Untuk merespon potensi bias ini transparansi dalam setiap proses mulai dari seleksi hingga pelaksanaan tugas harus menjadi prioritas. Pengawasan internal yang efektif juga diperlukan untuk meminimalkan risiko penyimpangan. Selain itu, penting untuk menanamkan pemahaman mendalam kepada setiap pengawas mengenai esensi dari tugas yang diemban, yaitu melayani kepentingan publik, bukan kelompok tertentu.
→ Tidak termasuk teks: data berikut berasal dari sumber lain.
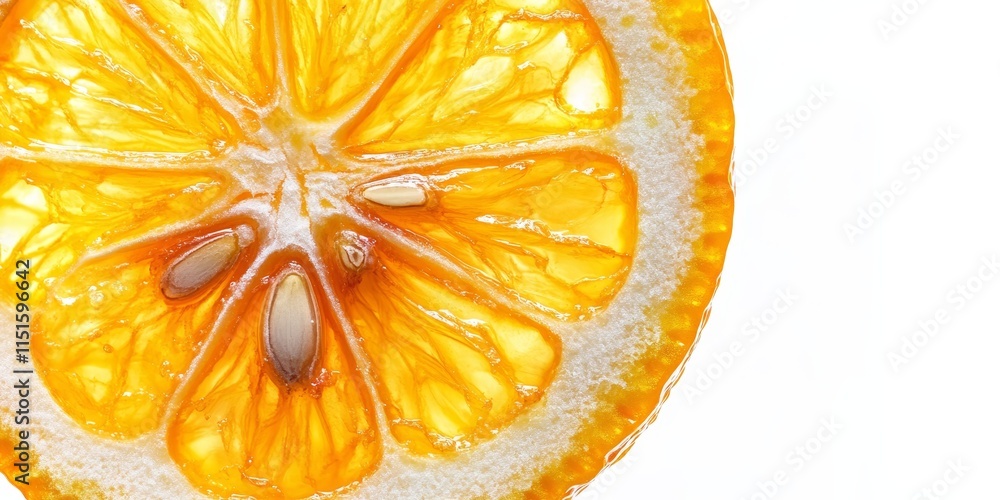 Poster isolated slice of kumquat displayed on a white background, showcasing the vibrant color and unique t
Hegemoni kekuasaan sangat kental dalam proses pelaksanaan pemilu. Menanamkan nilai-nilai integritas kepada pengawas masih belum cukup. Harus ada semacam intuisi politik yang dipegang oleh pengawas sebagai filter bahwa pilihan politik adalah soal nurani dan tidak bisa digoyahkan oleh kepentingan atau iming-iming apapun.
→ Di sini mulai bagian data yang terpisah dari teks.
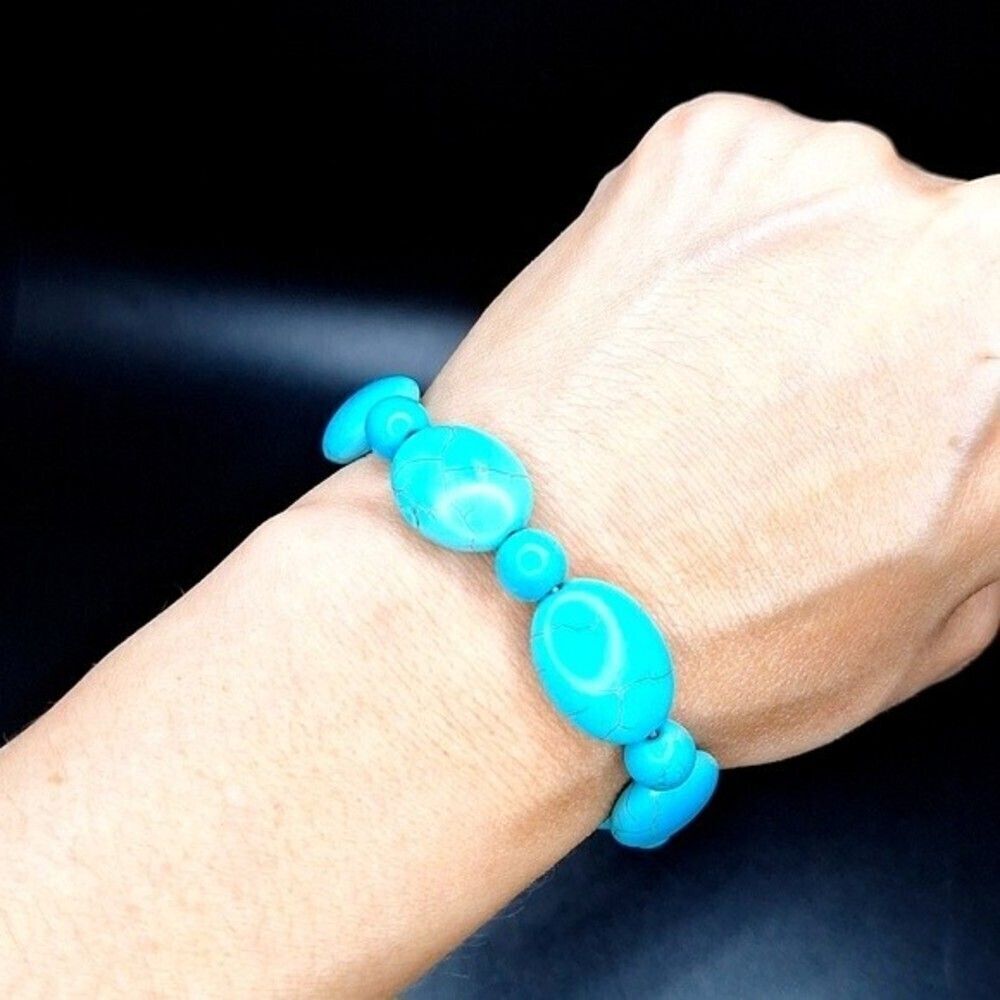 simulated Turquoise stone elastic bracelet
Di lapangan, pengawas sering kali dihadapkan pada dilema etis, di mana mereka harus memilih antara menjaga integritas pribadi atau mengikuti tekanan dari pihak-pihak tertentu. Dalam konteks akademik, dilema ini dapat dianalisis melalui pilihan rasional yang menjelaskan bagaimana individu membuat keputusan berdasarkan pertimbangan manfaat dan risiko.
Dalam pengawasan pemilu, keputusan yang diambil seorang pengawas tidak hanya berdampak pada dirinya sendiri tetapi juga pada kredibilitas proses pemilu tempatnya bertugas. Oleh karena itu, penting bagi setiap masyarakat untuk terlibat dalam pengawasan agar mereka memiliki komitmen terhadap prinsip-prinsip demokrasi yang kuat.
Salah satu solusi untuk menghadapi tantangan ini adalah dengan meningkatkan kapasitas dan kesadaran etis para pengawas pemilu. Pendidikan berkelanjutan tentang pentingnya netralitas, integritas, dan transparansi dalam pengawasan harus menjadi bagian dari pelatihan yang diberikan kepada setiap pengawas.
Selain itu, penguatan kapasitas organisasi pengawas pemilu juga harus menjadi fokus. Dengan adanya mekanisme pengawasan internal yang ketat dan dukungan dari sistem yang transparan, pengawas dapat bekerja tanpa tekanan dan intervensi dari pihak mana pun.